William Penn and Independence are tiny, almost unnoticable farm and ranch towns. I see many grandiose ranch houses on hilltops, adorned with pillars and balconies. I go all the way to Burton before I find food. The Burton Cafe has been here forever and never changes. While I eat, a local lady gossips nonstop, whether anyone is listening or not. A mexican cowboy with a terribly scarred face cracks open a Budweiser which he drinks in silence, in lieu of a morning meal. A few other cowboys wander in, sometimes asking a polite question or two.
It’s still cold, so I book it through Round Top and Warrenton to La Grange. I’m debating whether to take the long, scenic bike route, or just cruise on highway 71 to Bastrop. The La Grange DQ has $2 banana splits, and this puts me in a good mood, so I opt for the scenic route.
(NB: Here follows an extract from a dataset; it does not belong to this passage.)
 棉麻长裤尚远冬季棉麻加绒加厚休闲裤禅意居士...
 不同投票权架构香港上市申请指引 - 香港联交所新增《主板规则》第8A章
I plunge north and downward out of La Grange in rolling country with sparse, srubby pinons and junipers. The road through Winchester is even sparser, but small and very light on traffic. Then I enter Beuscher State Park, and the woods fill out. The park road seems custom made for cycling, with short punchy hills, twisty turns, and no cars. I have a blast. The sun comes out and really gives the forest an inviting, fairy tale look. When I reach Bastrop State Park I consider camping, especially after I accidentally ride an extra-grueling loop. The thirst for miles wins out, though, and I move on.
In Bastrop I have a quick bite at Wendy’s, trading money for time again. I notice my rear tire is low, so I fill it at the service station and continue. A few miles later I find a strange little oak forest to camp in. Here I take the time to fix the rear tire, then pitch the tent and call it a day.